Der Regelbedarf zur Sicherung des Lebensunterhalts umfasst insbesondere Ernährung, Kleidung, Körperpflege, Hausrat, Haushaltsenergie ohne die auf die Heizung und Erzeugung von Warmwasser entfallenden Anteile sowie persönliche Bedürfnisse des täglichen Lebens. Zu den persönlichen Bedürfnissen des täglichen Lebens gehört in vertretbarem Umfang eine Teilhabe am sozialen und kulturellen Leben in der Gemeinschaft. Der Regelbedarf wird als monatlicher Pauschalbetrag berücksichtigt. Über die Verwendung der zur Deckung des Regelbedarfs erbrachten Leistungen entscheiden die Leistungsberechtigten eigenverantwortlich; dabei haben sie das Eintreten unregelmäßig anfallender Bedarfe zu berücksichtigen.

Zu den täglichen Bedarfen gehören also Lebensmittel, die Anschaffung von Kleidung oder auch die Teilnahme am kulturellen Leben. Um zu ermitteln, welche Kosten für die einzelnen Posten anfallen, wird das sogenannte Regelbedarfsermittlungsgesetz zu Rate gezogen.

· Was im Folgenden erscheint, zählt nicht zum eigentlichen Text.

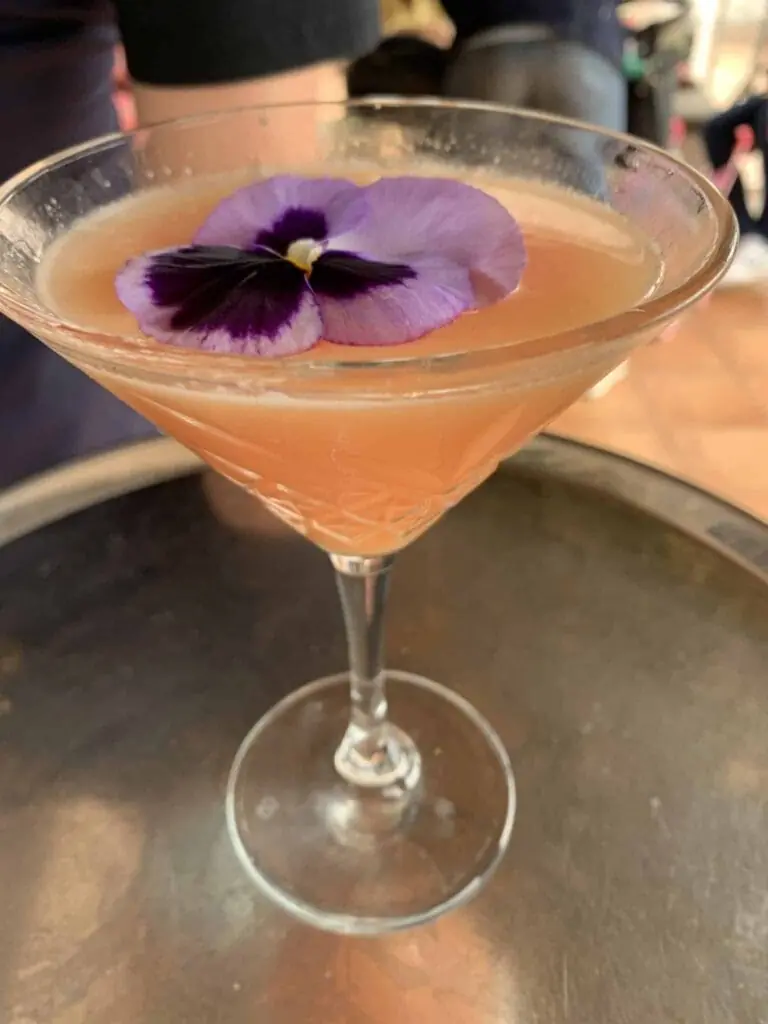 Intérieur de Mandacarú Cocktails & Coffee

In regelmäßigen Abständen wird der Hartz-4-Regelsatz überprüft und an die gestiegenen Lebenshaltungskosten angepasst. Die letzte Anhebung fand zu Beginn des Jahres 2020 statt. Ein aktueller Regelsatz für Hartz-4-Empfänger wurde definiert. Alleinstehende erhalten nunmehr 432 Euro. Zum Jahr 2021 wird der Regelsatz auf 439 Euro angehoben.

Zusätzliche Leistungen neben dem Hartz-4-Regelsatz

Hartz 4: Die Berechnung vom Regelsatz erfolgt individuell.
Hartz 4: Die Berechnung vom Regelsatz erfolgt individuell.

Zwar sind durch den Arbeitslosengeld-2-Regelsatz die gängigen täglichen Bedarfe umfasst, allerdings kann es vorkommen, dass in besonderen Lebenssituationen weitere Bedarfe dazukommen, welche durch die Regelleistung nicht abgedeckt sind. Hilfebedürftige können dann ggf. den sogenannten Mehrbedarf geltend machen.

Es handelt sich dabei um eine Leistung, die zusätzlich zum Hartz-4-Regelsatz erbracht wird. Die Höhe eines Mehrbedarfs hängt immer davon ab, wofür dieser gewährt wird. Folgende Situationen können einen Anspruch auf Mehrbedarf begründen:

  • Dezentrale Wasserversorgung
  • Behinderung
  • Bedarf an kostenaufwändiger Ernährung aus medizinischen Gründen
  • Schwangerschaft (ab der 13. Schwangerschaftswoche)
  • Alleinige Erziehung von einem oder mehreren Kindern
  • Sonstige Härtefälle (über diese wird stets im Einzelfall entschieden)
Gut zu wissen: Für die Bewilligung von einem Mehrbedarf ist immer ein entsprechender Nachweis erforderlich. Bei einer kostenaufwändigen Ernährung aus medizinischen Gründen könnte dies beispielsweise ein ärztliches Attest sein.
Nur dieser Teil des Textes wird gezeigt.